Eli Lilly, who had founded the earlier Wawasee Yacht and Canoe Club in the 1890s and had traditionally sailed boats named “Cynthia”, bequeathed the sterling silver Cynthia’s Cup to the WYC in 1949. The bequest stated that the cup was to be given annually to the season’s highest ranked skipper. Today the tradition continues with the trophy being shared by the top skippers in single-handed and multi-crewed fleets.

In the early 1950s, the Tavern Hotel burned to the ground and was replaced by two lake homes. Along with its existing boat launching area, the club was able to gain additional lake frontage that gave the club the boat yard it has today.

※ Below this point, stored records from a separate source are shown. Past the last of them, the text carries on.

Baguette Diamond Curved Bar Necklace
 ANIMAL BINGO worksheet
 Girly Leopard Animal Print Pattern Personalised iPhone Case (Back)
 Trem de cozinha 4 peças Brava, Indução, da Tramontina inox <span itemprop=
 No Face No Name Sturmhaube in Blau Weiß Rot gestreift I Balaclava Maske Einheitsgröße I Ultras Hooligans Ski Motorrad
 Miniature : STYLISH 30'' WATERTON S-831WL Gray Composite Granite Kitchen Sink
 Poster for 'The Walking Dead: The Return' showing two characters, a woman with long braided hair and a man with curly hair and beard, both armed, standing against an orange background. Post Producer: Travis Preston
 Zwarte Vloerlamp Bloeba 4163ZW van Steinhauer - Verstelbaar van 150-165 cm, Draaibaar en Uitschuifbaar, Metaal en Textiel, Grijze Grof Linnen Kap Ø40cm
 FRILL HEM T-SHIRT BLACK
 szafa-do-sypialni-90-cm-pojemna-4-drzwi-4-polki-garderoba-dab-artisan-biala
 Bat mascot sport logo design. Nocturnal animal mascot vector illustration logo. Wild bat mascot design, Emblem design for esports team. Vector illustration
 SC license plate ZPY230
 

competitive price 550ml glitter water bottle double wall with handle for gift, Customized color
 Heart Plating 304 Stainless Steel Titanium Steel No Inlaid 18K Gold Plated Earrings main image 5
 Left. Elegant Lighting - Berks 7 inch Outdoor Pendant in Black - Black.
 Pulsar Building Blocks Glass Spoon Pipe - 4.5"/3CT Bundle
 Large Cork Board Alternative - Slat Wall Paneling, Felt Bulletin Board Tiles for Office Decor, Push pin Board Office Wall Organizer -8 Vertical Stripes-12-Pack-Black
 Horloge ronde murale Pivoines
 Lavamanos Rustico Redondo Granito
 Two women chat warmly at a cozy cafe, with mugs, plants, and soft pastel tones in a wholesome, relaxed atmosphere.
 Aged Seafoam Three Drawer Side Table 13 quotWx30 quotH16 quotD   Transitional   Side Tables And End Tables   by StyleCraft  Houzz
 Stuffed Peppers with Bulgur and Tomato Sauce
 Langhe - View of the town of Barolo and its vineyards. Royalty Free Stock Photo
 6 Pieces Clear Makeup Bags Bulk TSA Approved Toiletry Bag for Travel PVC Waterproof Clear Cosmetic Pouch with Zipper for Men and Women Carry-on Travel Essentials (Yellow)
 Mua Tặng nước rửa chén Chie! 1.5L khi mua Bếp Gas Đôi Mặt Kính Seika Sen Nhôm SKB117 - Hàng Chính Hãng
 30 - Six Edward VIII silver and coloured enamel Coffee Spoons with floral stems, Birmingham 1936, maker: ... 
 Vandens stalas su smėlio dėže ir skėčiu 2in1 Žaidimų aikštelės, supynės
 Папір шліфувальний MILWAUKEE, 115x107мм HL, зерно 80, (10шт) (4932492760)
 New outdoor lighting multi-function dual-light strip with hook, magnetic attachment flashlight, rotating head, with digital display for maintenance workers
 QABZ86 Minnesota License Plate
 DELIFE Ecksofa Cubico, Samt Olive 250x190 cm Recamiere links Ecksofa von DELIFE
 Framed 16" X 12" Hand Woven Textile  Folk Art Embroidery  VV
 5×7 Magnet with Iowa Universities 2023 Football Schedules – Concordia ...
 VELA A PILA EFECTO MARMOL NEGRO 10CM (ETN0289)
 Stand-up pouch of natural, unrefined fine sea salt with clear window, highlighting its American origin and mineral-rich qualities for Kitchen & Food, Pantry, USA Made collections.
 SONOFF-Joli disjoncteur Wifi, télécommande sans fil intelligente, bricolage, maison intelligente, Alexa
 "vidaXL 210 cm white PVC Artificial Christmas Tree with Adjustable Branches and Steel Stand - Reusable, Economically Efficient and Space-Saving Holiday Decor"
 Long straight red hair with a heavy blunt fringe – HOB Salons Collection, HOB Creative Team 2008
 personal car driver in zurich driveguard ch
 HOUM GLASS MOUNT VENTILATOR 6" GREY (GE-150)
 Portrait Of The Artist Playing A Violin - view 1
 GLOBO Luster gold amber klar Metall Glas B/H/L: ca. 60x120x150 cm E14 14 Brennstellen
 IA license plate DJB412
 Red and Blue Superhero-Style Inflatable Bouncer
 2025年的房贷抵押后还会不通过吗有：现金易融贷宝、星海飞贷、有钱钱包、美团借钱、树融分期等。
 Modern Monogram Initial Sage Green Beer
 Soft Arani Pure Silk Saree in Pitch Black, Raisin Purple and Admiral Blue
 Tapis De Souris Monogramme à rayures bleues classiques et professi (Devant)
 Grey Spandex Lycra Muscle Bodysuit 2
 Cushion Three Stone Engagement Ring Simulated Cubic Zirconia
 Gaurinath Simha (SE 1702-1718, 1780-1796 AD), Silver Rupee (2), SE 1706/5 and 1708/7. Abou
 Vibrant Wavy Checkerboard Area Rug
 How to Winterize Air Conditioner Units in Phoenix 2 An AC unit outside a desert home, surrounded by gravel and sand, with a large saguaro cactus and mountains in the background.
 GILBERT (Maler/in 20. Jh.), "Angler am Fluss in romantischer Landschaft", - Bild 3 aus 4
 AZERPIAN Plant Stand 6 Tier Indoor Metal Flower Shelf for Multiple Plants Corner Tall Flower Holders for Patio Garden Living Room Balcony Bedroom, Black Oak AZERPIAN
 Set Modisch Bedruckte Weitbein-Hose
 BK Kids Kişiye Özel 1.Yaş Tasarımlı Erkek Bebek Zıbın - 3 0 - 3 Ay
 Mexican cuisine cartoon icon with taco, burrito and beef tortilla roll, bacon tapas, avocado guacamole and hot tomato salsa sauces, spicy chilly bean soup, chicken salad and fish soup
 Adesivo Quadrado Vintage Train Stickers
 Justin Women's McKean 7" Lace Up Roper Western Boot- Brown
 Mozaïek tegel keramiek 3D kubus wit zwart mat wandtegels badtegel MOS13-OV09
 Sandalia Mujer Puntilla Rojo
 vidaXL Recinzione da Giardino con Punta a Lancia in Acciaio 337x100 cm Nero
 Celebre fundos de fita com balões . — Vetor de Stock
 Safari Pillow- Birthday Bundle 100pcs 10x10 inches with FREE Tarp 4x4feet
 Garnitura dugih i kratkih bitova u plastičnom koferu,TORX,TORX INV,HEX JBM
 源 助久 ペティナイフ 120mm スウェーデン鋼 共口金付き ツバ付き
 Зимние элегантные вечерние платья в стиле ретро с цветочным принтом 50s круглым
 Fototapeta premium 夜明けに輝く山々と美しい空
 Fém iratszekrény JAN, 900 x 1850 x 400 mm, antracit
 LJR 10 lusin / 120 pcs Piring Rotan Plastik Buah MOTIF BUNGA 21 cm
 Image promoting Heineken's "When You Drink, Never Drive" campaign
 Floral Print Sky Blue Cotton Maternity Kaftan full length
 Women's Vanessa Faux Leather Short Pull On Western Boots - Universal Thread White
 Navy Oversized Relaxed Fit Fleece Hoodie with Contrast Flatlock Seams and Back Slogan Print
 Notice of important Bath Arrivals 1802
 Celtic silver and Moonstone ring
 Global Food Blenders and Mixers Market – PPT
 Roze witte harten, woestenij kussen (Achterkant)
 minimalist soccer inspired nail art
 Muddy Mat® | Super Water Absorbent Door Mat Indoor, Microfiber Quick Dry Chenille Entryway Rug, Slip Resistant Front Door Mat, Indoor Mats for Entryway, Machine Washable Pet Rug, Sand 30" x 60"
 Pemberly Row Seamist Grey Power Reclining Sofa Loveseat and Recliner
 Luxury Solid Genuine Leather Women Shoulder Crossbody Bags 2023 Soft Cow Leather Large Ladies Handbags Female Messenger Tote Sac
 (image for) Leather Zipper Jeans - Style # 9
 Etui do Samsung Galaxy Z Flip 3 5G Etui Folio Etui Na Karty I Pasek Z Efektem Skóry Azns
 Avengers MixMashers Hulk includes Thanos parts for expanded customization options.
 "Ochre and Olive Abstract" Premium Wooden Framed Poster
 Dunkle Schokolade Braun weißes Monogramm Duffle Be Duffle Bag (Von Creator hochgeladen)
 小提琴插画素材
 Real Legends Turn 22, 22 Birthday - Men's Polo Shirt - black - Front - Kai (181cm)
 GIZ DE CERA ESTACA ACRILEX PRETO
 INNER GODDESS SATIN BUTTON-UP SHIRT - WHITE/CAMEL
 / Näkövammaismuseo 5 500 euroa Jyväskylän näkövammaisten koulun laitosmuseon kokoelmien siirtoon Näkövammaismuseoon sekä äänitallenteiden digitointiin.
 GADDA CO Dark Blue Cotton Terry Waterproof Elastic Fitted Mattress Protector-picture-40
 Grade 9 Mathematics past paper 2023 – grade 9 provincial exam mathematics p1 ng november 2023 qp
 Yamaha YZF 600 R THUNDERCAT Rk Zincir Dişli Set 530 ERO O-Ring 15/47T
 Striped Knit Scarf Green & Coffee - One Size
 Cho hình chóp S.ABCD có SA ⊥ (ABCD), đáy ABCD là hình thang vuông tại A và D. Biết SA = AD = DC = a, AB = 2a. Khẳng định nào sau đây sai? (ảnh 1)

In 1954, the club hosted its 1st Hoosier Regatta for Lightnings—a regatta that has run continually and celebrated its 50th anniversary in early October 2004. This fall classic is the traditional closing event of the WYC’s racing season

For many years, the Lightning fleet was the mainstay of the Wawasee Yacht Club, but by the early 1990s the local Wawasee Boating Association had developed a growing fleet of E-Scow. The merger of the two groups re-invigorated the WYC and led the way for more growth. The annual E-Scow regatta in early June has become one of the best-attended E-Scow regattas in the region.

In the early 1980s, a Laser fleet was started at the club. For lady sailors, the “Wawashe’s” started a series of races and training in Sunfish in mid-1990s. From that start, a full racing fleet developed and the Lake Wawasee Sunfish Regatta in August of each season has quickly developed into one of the premier events on the Sunfish Midwest circuit. In September 2007 the Wawasee Yacht Club hosted the 2007 Women’s Sunfish North American Championship

==General information==
Today the club currently has 3 active racing fleets: Lightning, E-Scow and Sunfish. On a typical Saturday morning 15-20 Sailboats participate in competitions on the lake, and on Sundays 8-10 E-Scows and an equal number of Lightnings also compete. In July, the club holds a Junior Sailing program, for the purpose of introducing youth members to the sport of sailboat racing.

With a racing membership of 75 families and 35 social members, the club sponsors an active social schedule for families and adults. In 2001-2002, the WYC embarked on an extensive remodeling and expansion of the 1920s clubhouse under the guidance of architect and long-time member John Call and with the full financial support of the club membership.